Dann brachte mich der Mauerfall dazu, mich in deutsch-deutsche Medienpolitik einzumischen, weil dem in Wendezeiten aus der „Stimme der DDR“ und dem Kulturprogramm „Radio DDR II“ entstandenen Deutschlandsender Kultur die Abwicklung drohte.
Dabei war ein mehrfach kompetentes Personal hungrig darauf, endlich ohne Weisungen aus der Agitationskommission des ZK Programm für die Leute zu machen, die sich im Vereinigungsstrudel zurechtfinden mussten. Unter Leitung des politisch erfahrenen Schweizer Bildhauers Max Bill fand sich ein „Kuratorium DS Kultur“ zusammen, dass den Überlebenskampf wortgewaltig und mit einer Vielzahl von Ost- und Westpersonal aus Politik und den Künsten unterstützte. […]

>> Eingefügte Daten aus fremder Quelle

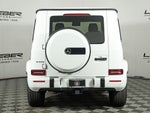 2021 Mercedes-Benz G-Class G 550 4MATIC®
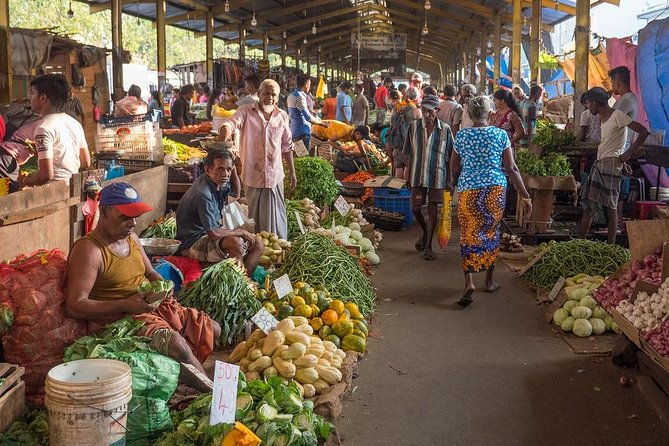 Colombo City Tour - Who Should Consider This Tour?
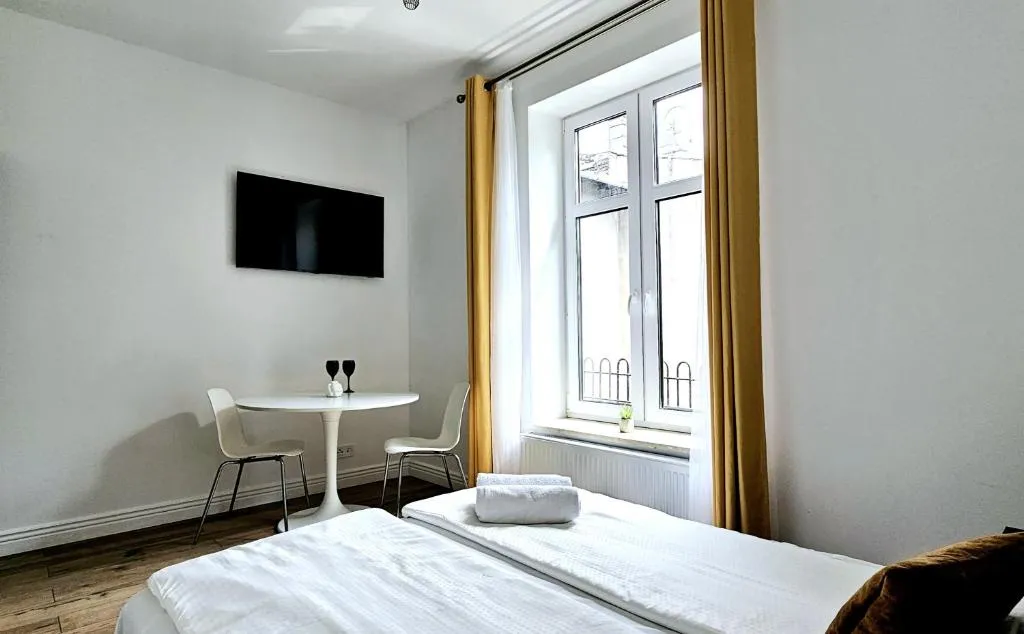 Image of Pawia Apartments Centrum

Wir sahen im Erhalt von DS-Kultur nicht nur eine Notwendigkeit, um den neuen Bürgerinnen und Bürgern institutionell ein eigenes Sprachrohr zu garantieren, sondern vor allem eine Chance, um wenigstens ein Stück Gleichberechtigung im schwierigen Einigungsprozess zu schaffen.
Vielleicht war der Deutschlandsender Kultur ein Übungsplatz für die zu erwartenden Streitigkeiten zwischen den Ost-West-Mentalitäten und dem daraus entstehenden Konfliktpotenzial. Zum Jahresende 1993 hatte endlich auch Thüringen den Staatsvertrag zur Gründung von Deutschlandradio mit zwei bundesweiten Programmen ratifiziert. An dieses Jubiläum sollte ebenso erinnert werden.